> Source material

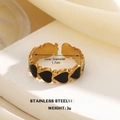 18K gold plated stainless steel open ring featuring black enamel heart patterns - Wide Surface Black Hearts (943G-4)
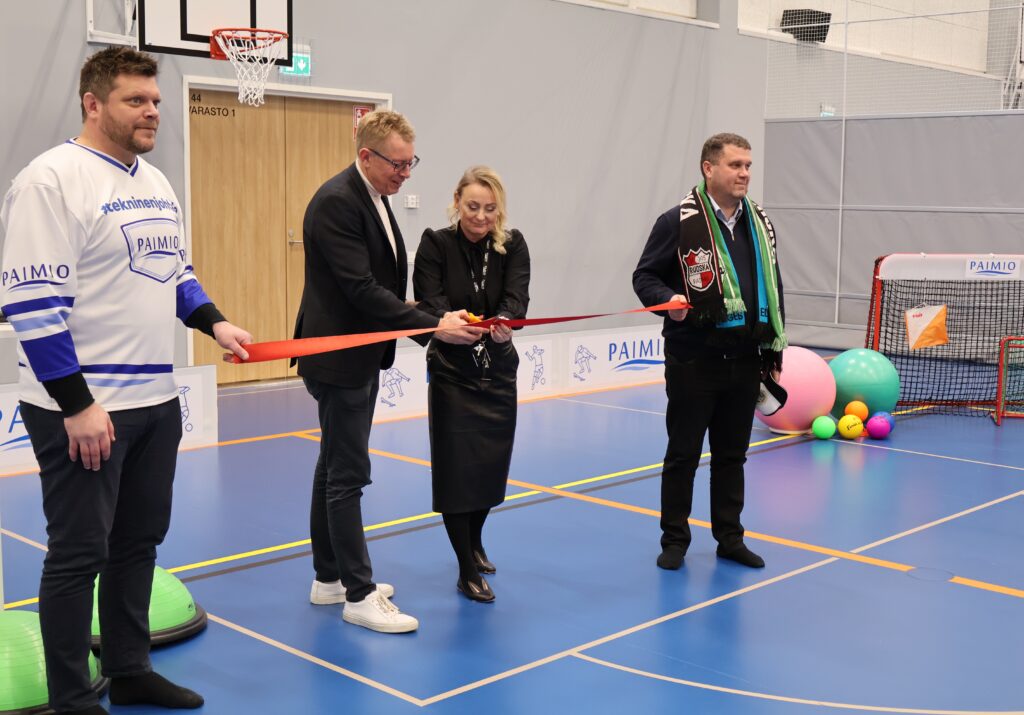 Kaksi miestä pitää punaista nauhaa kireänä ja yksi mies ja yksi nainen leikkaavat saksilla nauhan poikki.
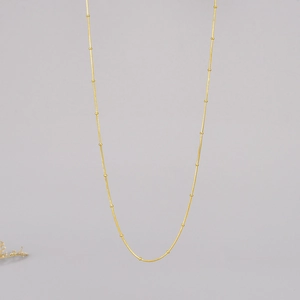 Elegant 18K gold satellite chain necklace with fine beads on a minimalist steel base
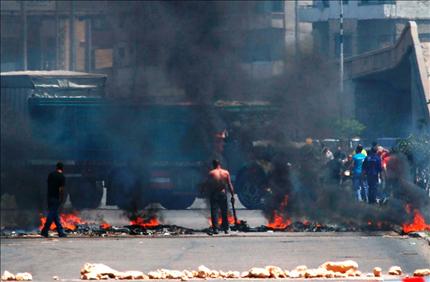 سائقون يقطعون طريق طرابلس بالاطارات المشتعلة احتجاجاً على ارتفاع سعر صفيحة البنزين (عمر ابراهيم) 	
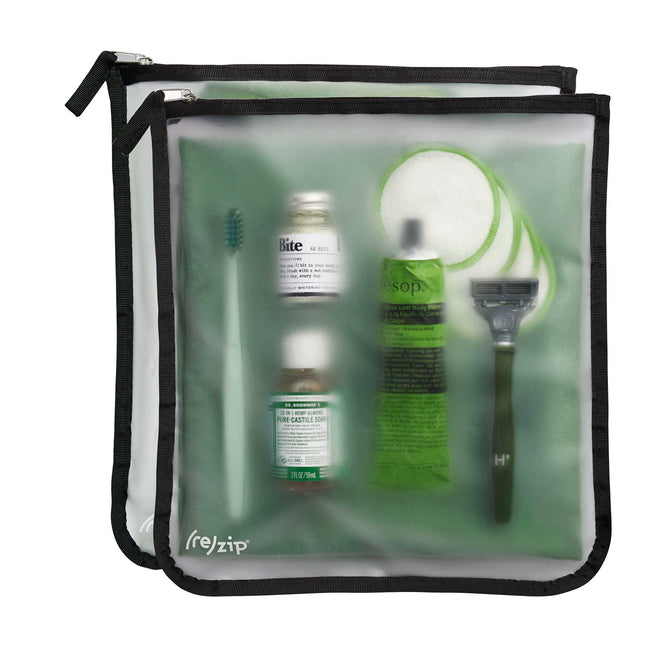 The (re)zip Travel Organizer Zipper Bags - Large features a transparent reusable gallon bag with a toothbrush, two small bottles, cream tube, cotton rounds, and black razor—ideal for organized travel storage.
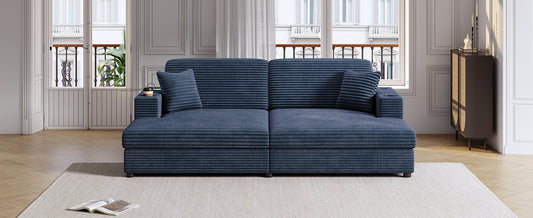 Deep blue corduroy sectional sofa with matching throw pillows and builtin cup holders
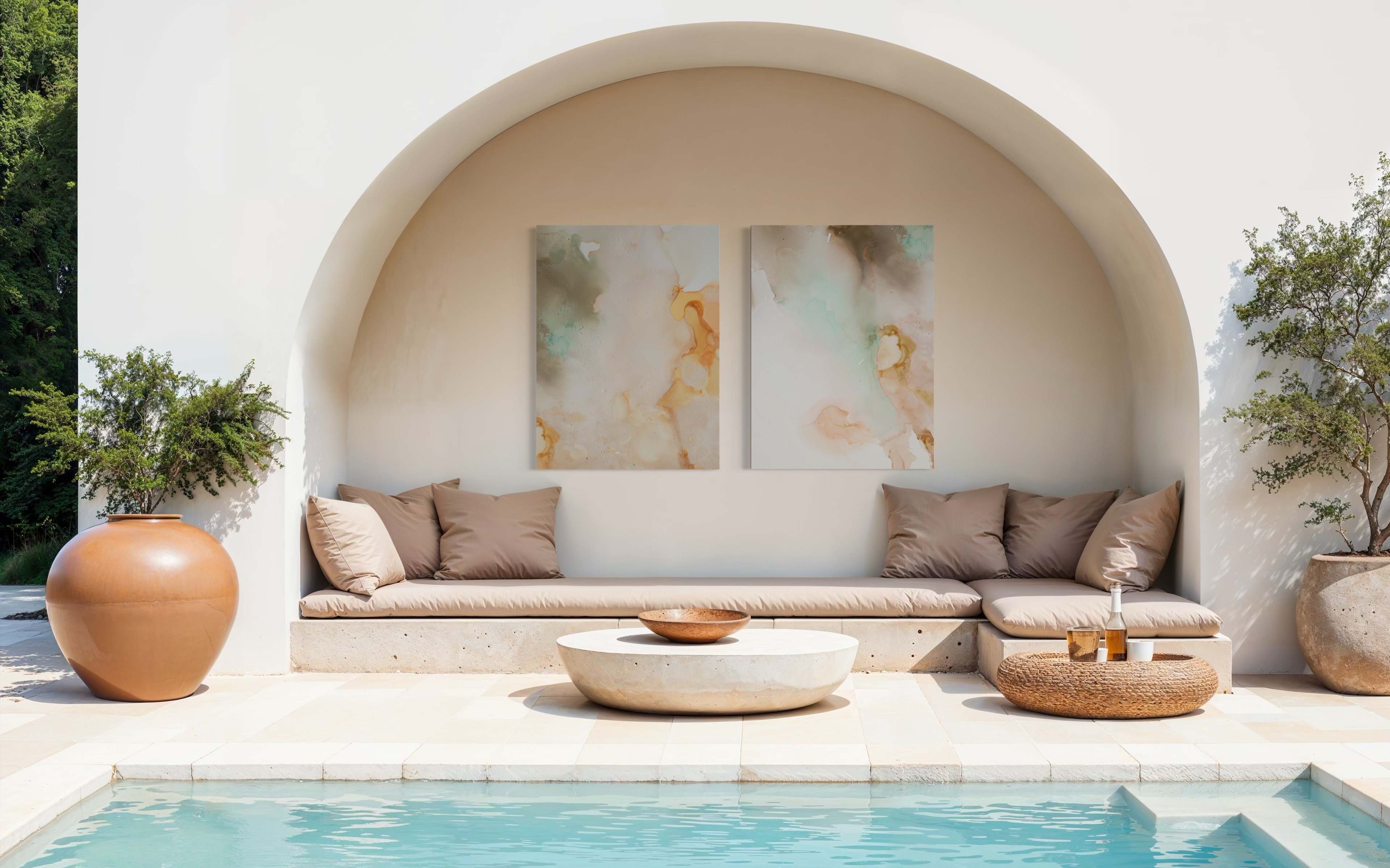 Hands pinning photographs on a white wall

> Activity
Nothing but the lines from the first line of the listing above to the line containing "سائقون يقطعون طريق" should appear in the answer, each one exact and with no pictures.

> Problem solution
 18K gold plated stainless steel open ring featuring black enamel heart patterns - Wide Surface Black Hearts (943G-4)
 Kaksi miestä pitää punaista nauhaa kireänä ja yksi mies ja yksi nainen leikkaavat saksilla nauhan poikki.
 Elegant 18K gold satellite chain necklace with fine beads on a minimalist steel base
 سائقون يقطعون طريق طرابلس بالاطارات المشتعلة احتجاجاً على ارتفاع سعر صفيحة البنزين (عمر ابراهيم) 	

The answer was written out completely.